Fußball-Bundesliga Holger Fach: Von null auf hundert in Darmstadt
Der neue Sportdirektor aus Wuppertal sucht einen Trainer in einem Verein der neuen Chancen.
Darmstadt. Mit wachem Blick, einem sympathischen Lächeln und klaren Antworten hat Holger Fach seinen Posten als Sportdirektor beim Fußball-Bundesligisten SV Darmstadt 98 angetreten. Dabei machte der 53-Jährige unmissverständlich klar, dass die Trainersuche absolute Priorität hat. „Den müssen wir sehr schnell finden. Gehen Sie mal von vier, fünf oder sechs Tagen aus“, sagte der frühere Bundesligaprofi und Nationalspieler gestern bei seiner Vorstellung.

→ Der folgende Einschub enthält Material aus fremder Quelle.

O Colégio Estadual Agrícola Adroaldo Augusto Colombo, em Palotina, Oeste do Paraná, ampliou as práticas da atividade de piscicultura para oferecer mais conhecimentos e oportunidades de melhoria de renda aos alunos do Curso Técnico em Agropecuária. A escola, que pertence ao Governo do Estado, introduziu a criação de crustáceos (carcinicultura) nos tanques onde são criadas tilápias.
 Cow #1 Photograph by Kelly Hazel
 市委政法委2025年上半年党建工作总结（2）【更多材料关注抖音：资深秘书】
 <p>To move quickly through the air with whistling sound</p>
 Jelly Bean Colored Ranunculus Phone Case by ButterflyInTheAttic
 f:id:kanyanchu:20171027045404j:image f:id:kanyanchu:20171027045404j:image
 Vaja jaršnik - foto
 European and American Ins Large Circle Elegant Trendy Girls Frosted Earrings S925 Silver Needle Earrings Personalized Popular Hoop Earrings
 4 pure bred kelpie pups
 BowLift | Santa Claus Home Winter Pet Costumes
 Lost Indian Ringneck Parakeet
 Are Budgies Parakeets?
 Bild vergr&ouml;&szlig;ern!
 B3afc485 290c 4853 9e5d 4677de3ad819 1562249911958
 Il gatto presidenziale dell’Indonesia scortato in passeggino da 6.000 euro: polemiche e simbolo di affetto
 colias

Der Wechsel des bisherigen Erfolgscoaches Dirk Schuster zum FC Augsburg ist fix. Drei Nachfolge-Kandidaten stehen nun im engeren Kreis. „Wir müssen die Eier in mehrere Nester legen“, sagte Darmstadts Präsident Rüdiger Fritsch. Wichtig sei laut Fach, „keinen Schnellschuss zu machen.“ Notfalls wären die Südhessen auch bereit, eine Ablösesumme zu zahlen.
Man suche man einen Trainer, der beide Ligen kenne und entsprechende Erfahrungen habe. „Und der nicht gerade umfällt, wenn ihm mal der Wind entgegen bläst und der unser Umfeld kennt“, sagte Fach.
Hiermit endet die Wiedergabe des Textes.